WASHINGTON (AP) — The FBI found a trash bag of shredded documents, thousands of dollars in cash, latex gloves and a “go-bag” when they searched the home of a Maryland couple accused of trying to sell information about nuclear-powered warships to a foreign country, an agent testified Wednesday.
Jonathan Toebbe, a Navy nuclear engineer, and his wife, Diana, were arrested this month on espionage charges. Prosecutors allege that Jonathan Toebbe tried to pass submarine secrets to someone he thought was a representative of a foreign government but who was actually an undercover agent. They accuse Diana Toebbe of serving as a lookout for her husband at several “dead drop” locations at which sensitive information was left behind.
The couple pleaded not guilty in federal court in West Virginia. They face life in prison if convicted.
The country Toebbe was looking to sell the information to has not been identified in court documents and was not disclosed in court Wednesday.
Peter Olinits, a Pittsburgh-based agent specializing in counterintelligence investigations, testified at a detention hearing about steps the couple took to avoid getting caught at dead-drop locations as Jonathan Toebbe dropped memory cards containing government secrets, concealed them in gum wrappers and a peanut butter sandwich.

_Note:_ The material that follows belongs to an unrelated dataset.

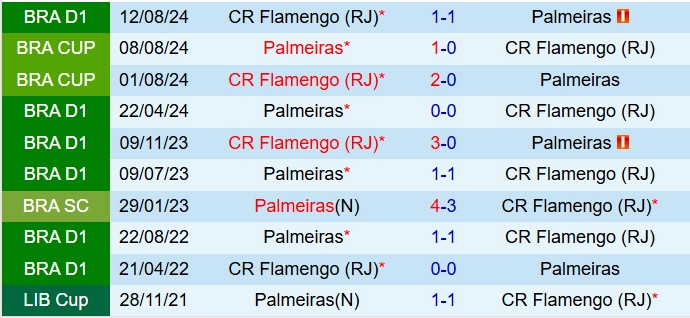 Nhận định Palmeiras vs Flamengo 2h00 ngày 265 (VĐQG Brazil 2025) 1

To avoid suspicion, Olinits said, the Toebbes would dress as if tourists or hikers and meander around the site, and Diana Toebbe was spotting snapping photographs.
Edward MacMahon, a lawyer for Diana Toebbe, argued that since the FBI did not record any of the couple’s conversations, agents actually had no proof that his client had any knowledge of her husband’s activities or what precisely he was doing.
“Did it occur to you as part of your investigation that maybe Mr. Toebbe was telling her he was up to something other than espionage against the United States?” MacMahon asked.
“I think that’d be a difficult thing to sell, but maybe,” Olinits said.